DeepSpeed ZeRO 단계는 옵티마이저 상태(stage 1) → 그래디언트(stage 2) → 파라미터(stage 3)를 순차적으로 샤딩하는 전략이다. PyTorch FSDP1과 FSDP2는 본질적으로 ZeRO stage 3를 PyTorch 네이티브로 구현한 것에 가깝고, 동일한 모델·동일한 클러스터·동일한 옵티마이저 설정이라면 수렴 곡선이 거의 일치한다. FSDP2의 차별점은 per-parameter sharding(FSDP1의 flat-parameter 대신), torch.compile과의 안정적 결합, 그리고 dtensor 기반의 더 명확한 모델 분산이다. 2026년 대부분의 신규 학습 잡은 DeepSpeed에서 FSDP2로 이전했다.

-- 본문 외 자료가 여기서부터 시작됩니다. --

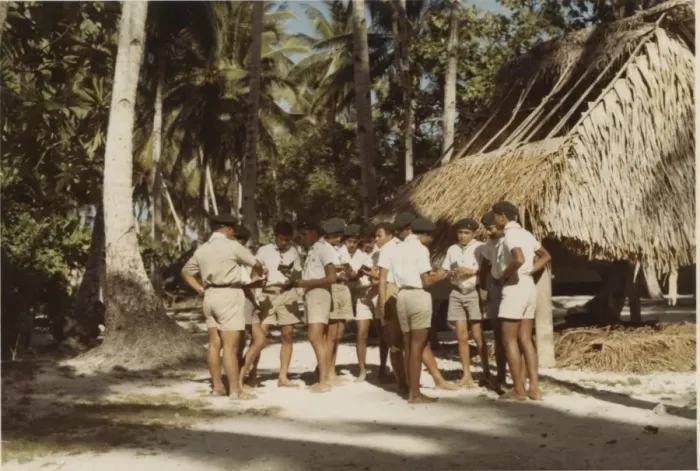 Framed Print : Venture Scouts, Gilbert Islands, Pacific Framed Print : Venture Scouts, Gilbert Islands, Pacific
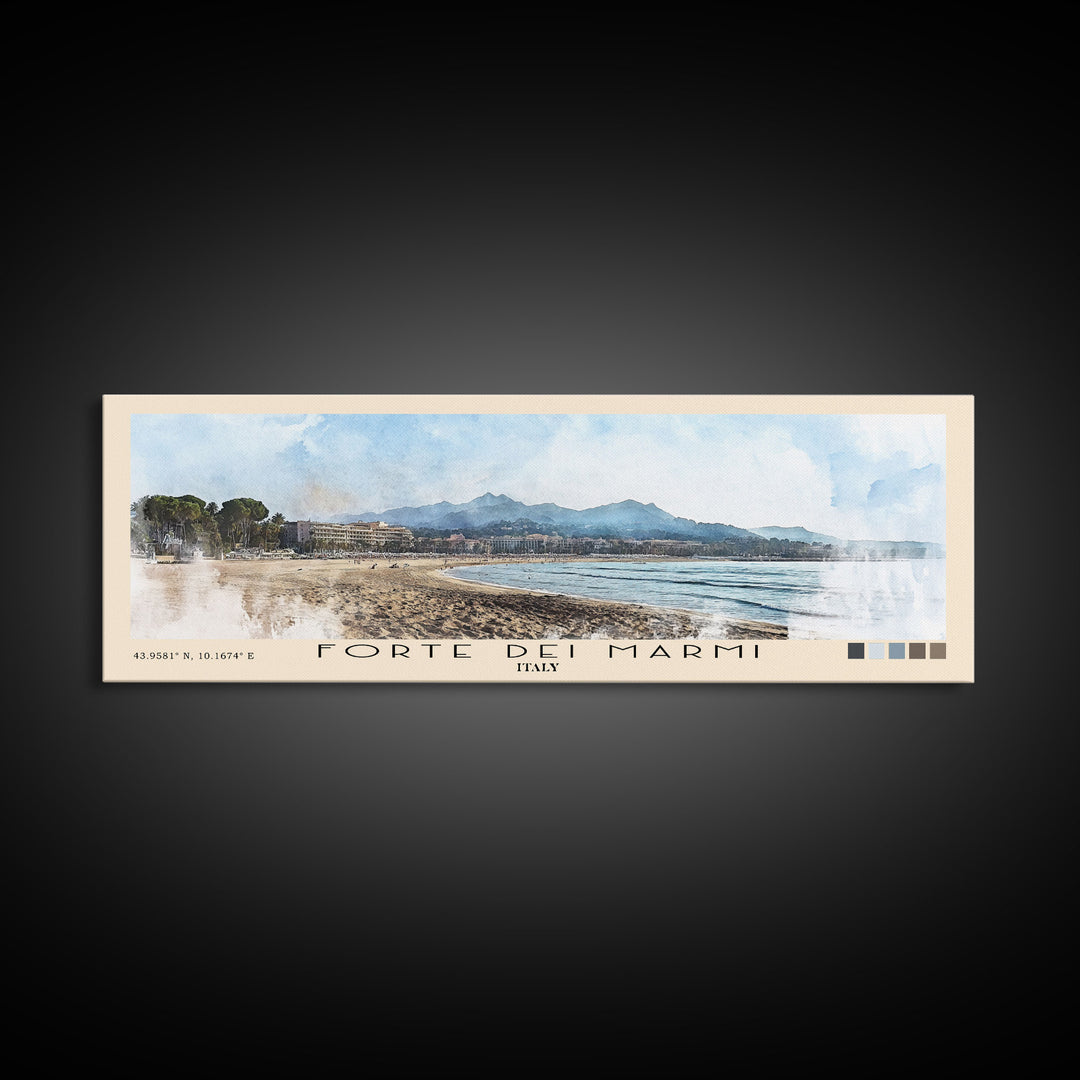 Forte dei Marmi, Italy Watercolor Print, Vacation Gift, Italy Wall Art, Vacation Wall Art, Vacatation Memories, Beach Decor, Beach Or Lakehouse Art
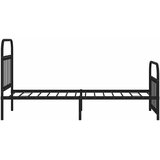  Metalni okvir kreveta uzglavlje i podnožje crni 90x190 cm | Eponuda.ba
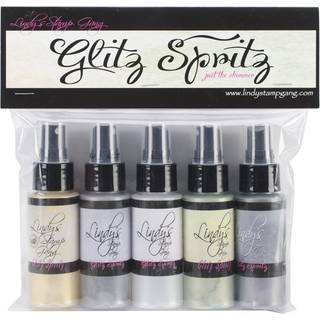 Lindy's Stamp Gang Glitz Spritz 2oz 5/PKG Gold
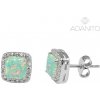 ADANITO EFE0003707 - Strieborné opálové náušnice so zirkónmi ADANITO EFE0003707 - Strieborné opálové náušnice so zirkónmi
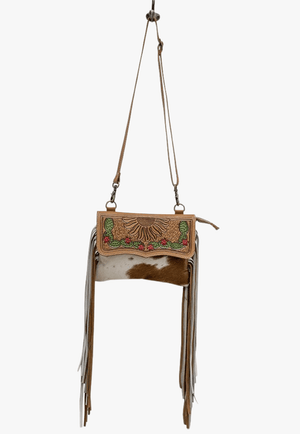 Myra Bag ACCESSORIES-Handbags Tan Myra Bag Glossy Moss Handbag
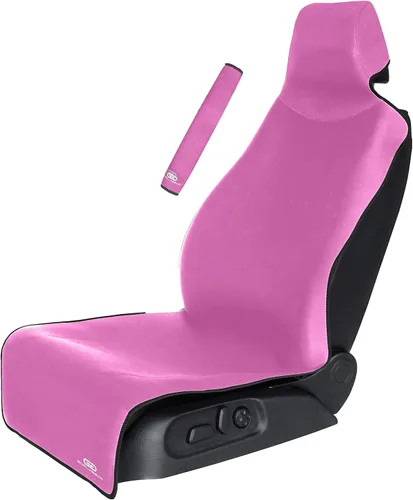 Vista 14 de Gorla Gear - Paquete de 2 fundas de asiento de automóvil, de neopreno, antideslizantes, de alta calidad, ajuste universal, impermeable, resistente a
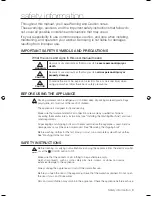 Preview for 3 page of Samsung WF7450S9C User Manual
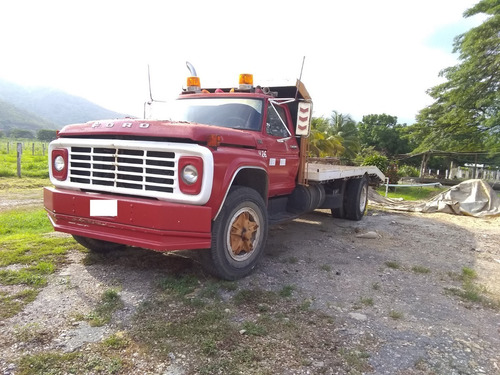 Imagen 3 de 5 de Camión Ford 750, Año 1976, Con Turbo, Grúa. Acepto Ganado.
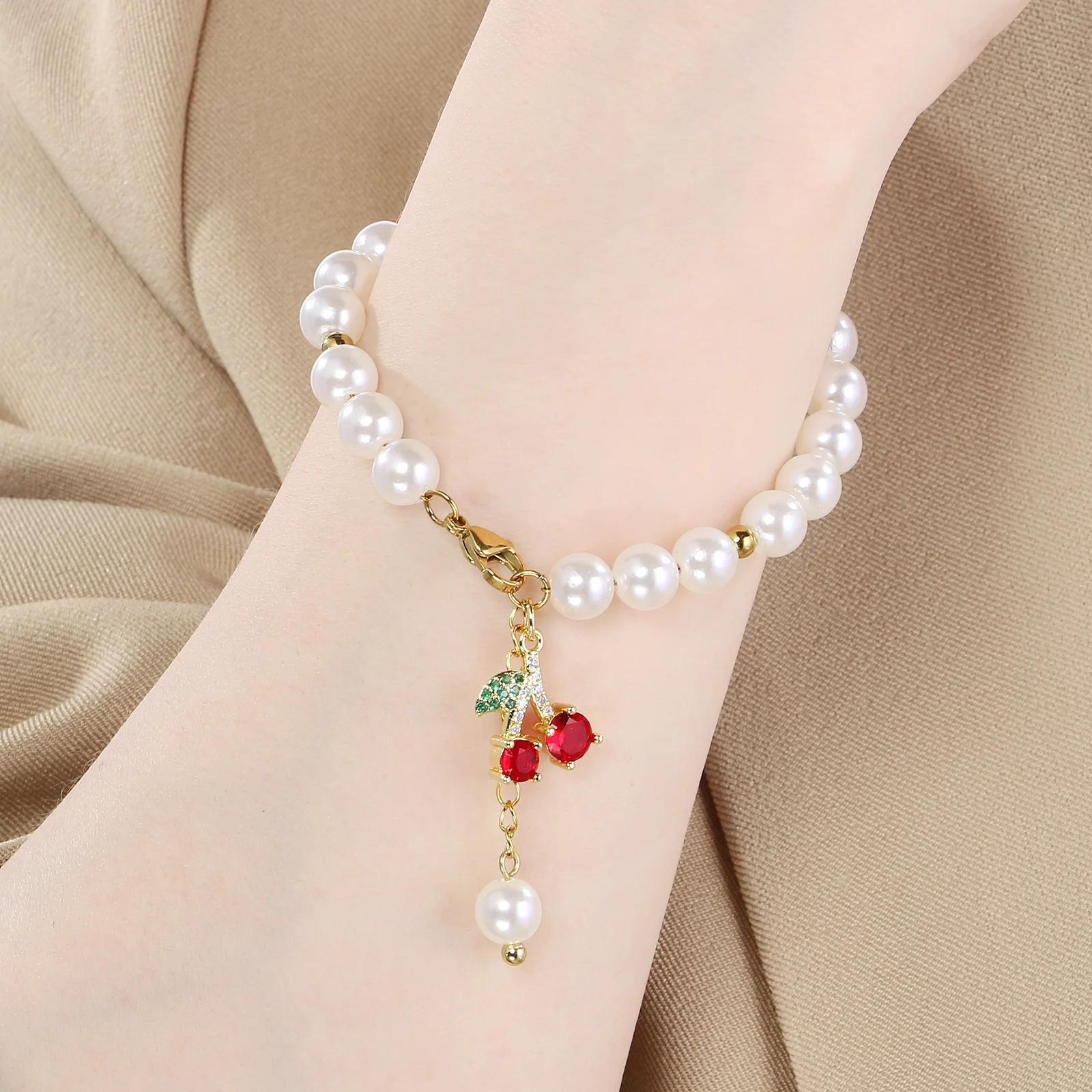 Elegante pulsera barroca de hi - String Of Pearls Plant reseña y precio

FSDP2 + torch.compile 실전 예제

import torch
import torch.distributed as dist
from torch.distributed.fsdp import FSDPModule, fully_shard, MixedPrecisionPolicy
from torch.distributed.device_mesh import init_device_mesh

dist.init_process_group(backend="nccl")
mesh = init_device_mesh("cuda", (8,))  # 8-way data parallel

model = build_llama3_70b()  # nn.Module
mp_policy = MixedPrecisionPolicy(param_dtype=torch.bfloat16, reduce_dtype=torch.float32)

for layer in model.layers:
    fully_shard(layer, mesh=mesh, mp_policy=mp_policy)
fully_shard(model, mesh=mesh, mp_policy=mp_policy)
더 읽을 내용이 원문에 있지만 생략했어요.